You are viewing a plain text version of this content. The canonical link for it is here.
Posted to user@giraph.apache.org by Eli Reisman <ap...@gmail.com> on 2014/12/19 21:09:50 UTC

Re: YARN vs. MR1: is YARN a good idea?

Giraph on YARN thus far doesn't break any compatibility with the MapReduce
version. When I was working on it more actively, it had a slightly faster
job startup but otherwise behaved similarly to the MapReduce version.
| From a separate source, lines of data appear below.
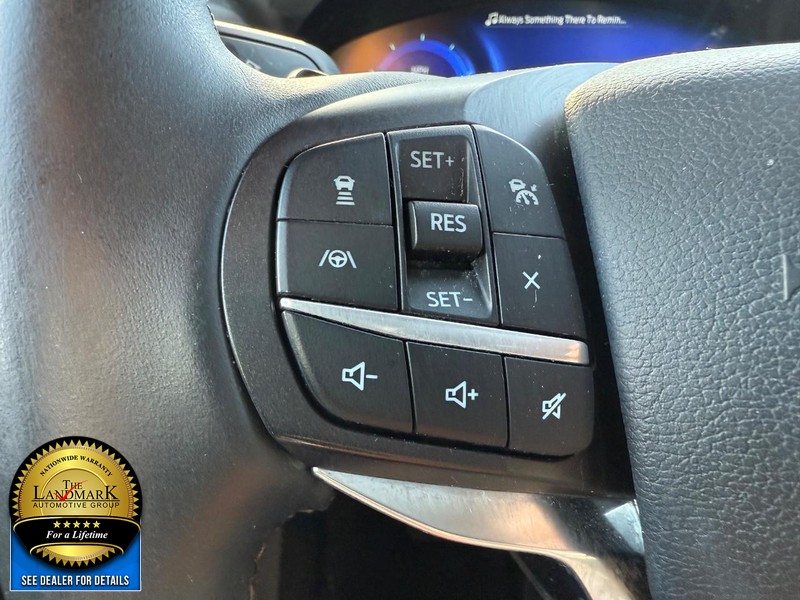 Ford Explorer Vehicle Full-screen Gallery Image 10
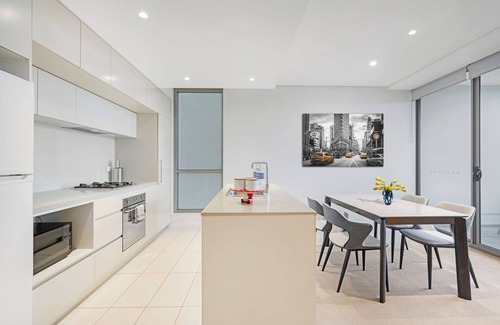 Burwood Apartment | Stylish and free parking 2b2b@Burwood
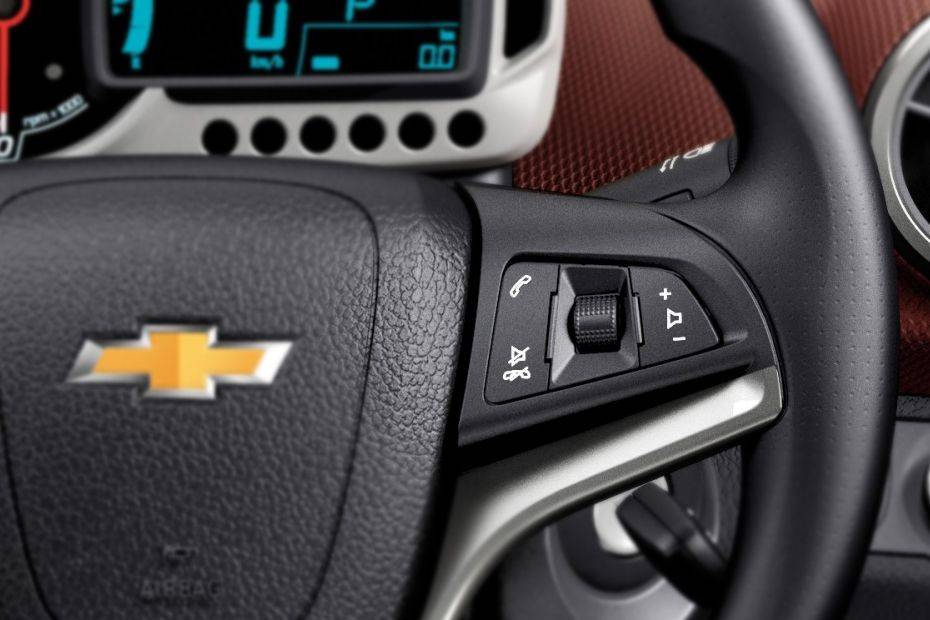 Chevrolet Sonic Sedan Multi Function Steering Chevrolet Sonic Sedan Multi Function Steering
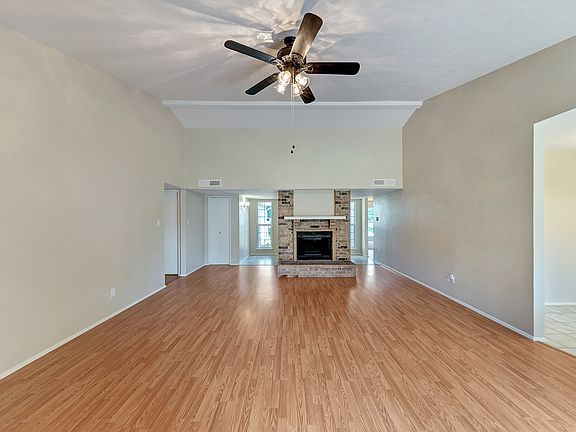 5th image of 2409 Chinaberry Dr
There are a number of things design wise that could make the YARN profile
substantially better (in theory) but would require a fork or bigger design
changes/agreements about the MapReduce profiles. This would include things
like spawning the Master Giraph task in the Application Master itself, and
many other things along those lines.

There are also a number of smaller things that would probably make a
difference like exposing YARN's per-task resource configuration features in
a more flexible way.

I haven't had much time to hack on Giraph this past year, and at some point
last summer some folks like Muhammad Islam from LinkedIn did some great
work to update the YARN profile to run on Hadoop 2.2.0 or newer versions
but since then it hasn't gotten much love.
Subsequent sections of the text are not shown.